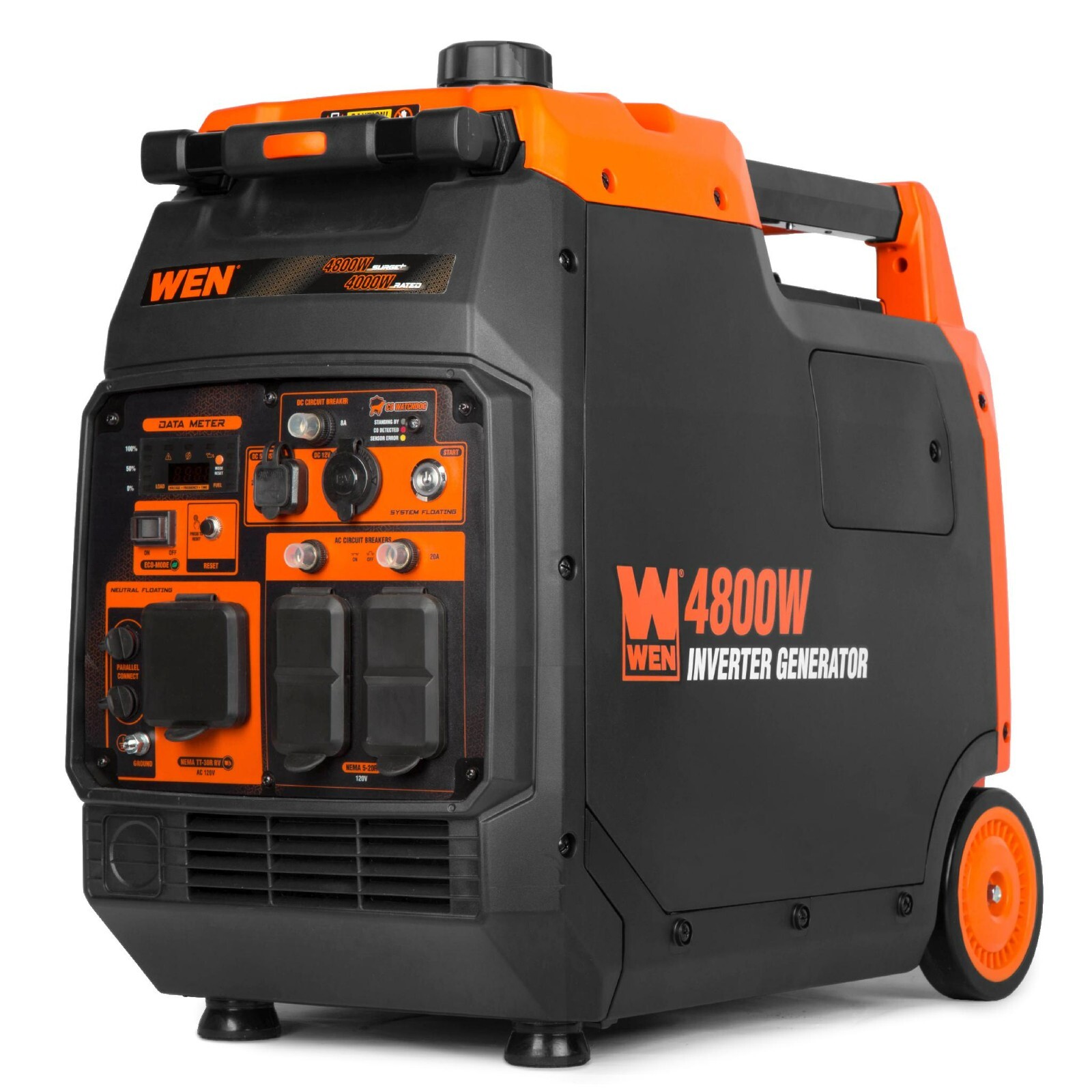 56480iX 4800W Portable Electric Start Inverter Generator/Fuel Shut Off,CO Sensos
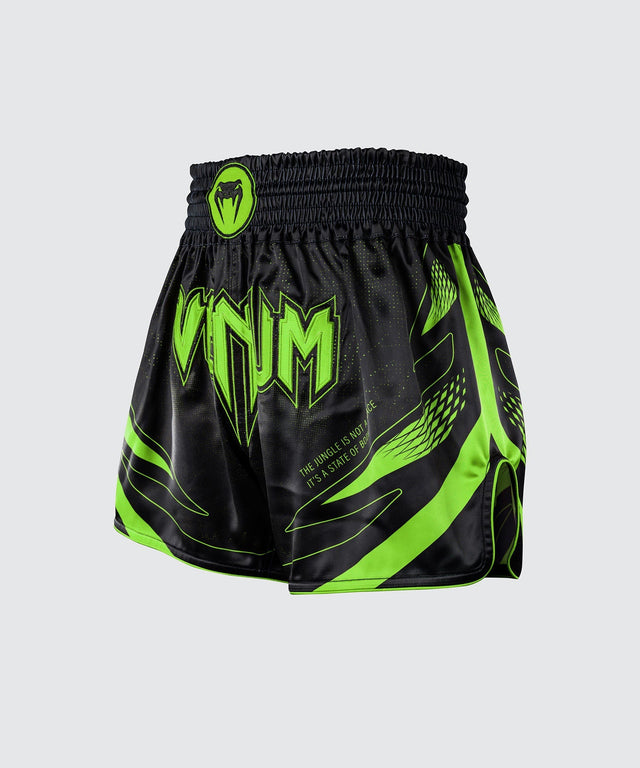 Venum Muay Thai Shorts Amazonia Reborn - Schwarz/Grün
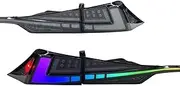 Compatible For Lexus IS250 Colorful Tail Light 2014-2020 IS300h F Animation RGB DRL LED Assembly(Clear-RGB)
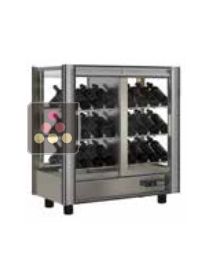 4-sided refrigerated display cabinet unit for wine storage or service CALICE DESIGN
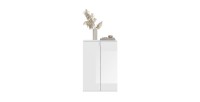 Buffet BODITE – 4 portes – Blanc laqué – Design moderne 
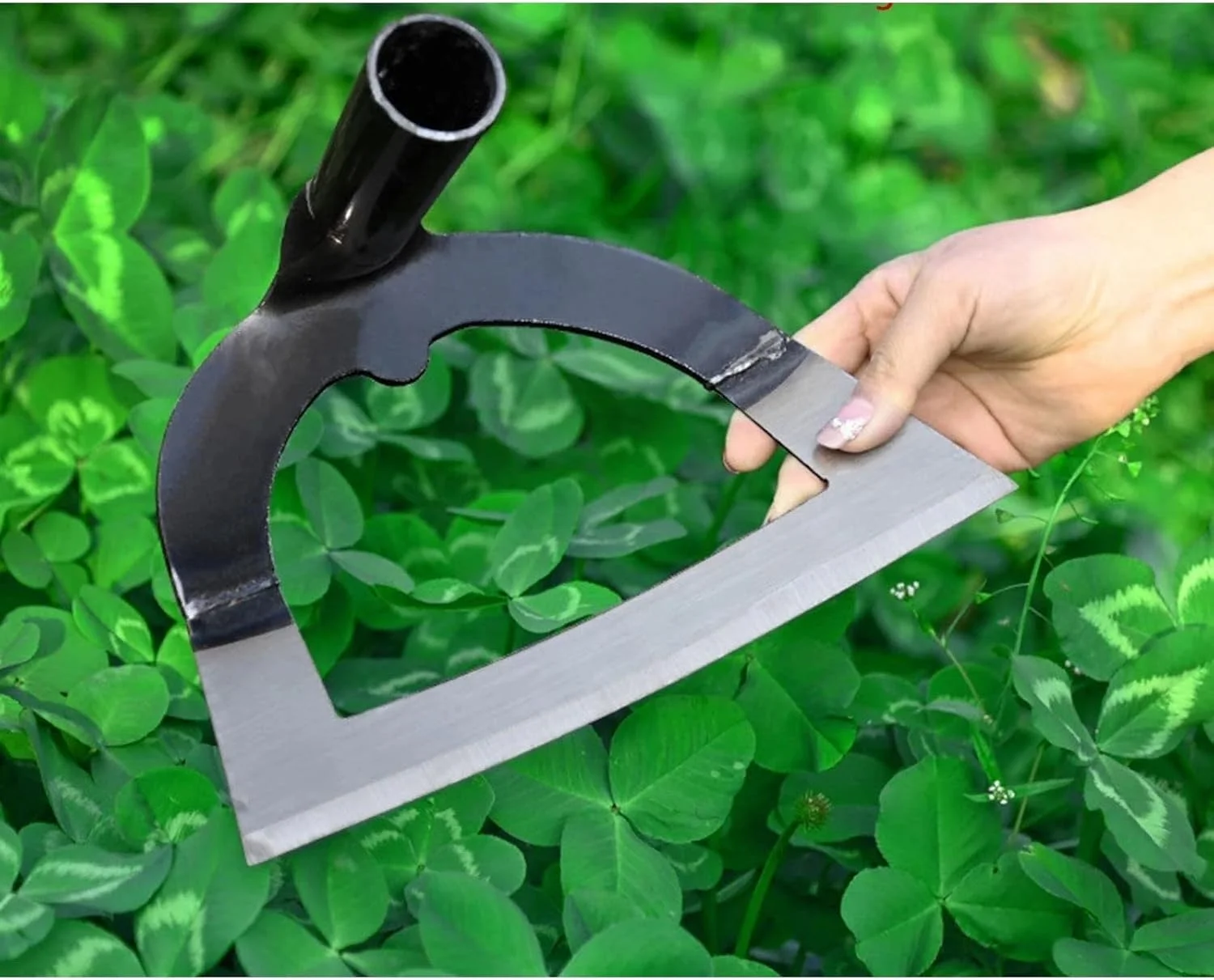 بیلچه باغبانی HODORE برای وجین کاری، بیلچه های کشاورزی، چنگک وجین کاری دستی، بیلچه فولادی توخالی برای کاشت سبزیجات، سست کردن خاک، ابزار وجین کاری (رنگ: S)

= = =

→ **WHAT YOU ARE ASKED TO DO**
Lines from the one that holds "4-sided refrigerated display" through the final line of the material are to be duplicated exactly; no pictures belong in the copy.

→ **ANSWER BOX**
 4-sided refrigerated display cabinet unit for wine storage or service CALICE DESIGN
 Buffet BODITE – 4 portes – Blanc laqué – Design moderne 
 بیلچه باغبانی HODORE برای وجین کاری، بیلچه های کشاورزی، چنگک وجین کاری دستی، بیلچه فولادی توخالی برای کاشت سبزیجات، سست کردن خاک، ابزار وجین کاری (رنگ: S)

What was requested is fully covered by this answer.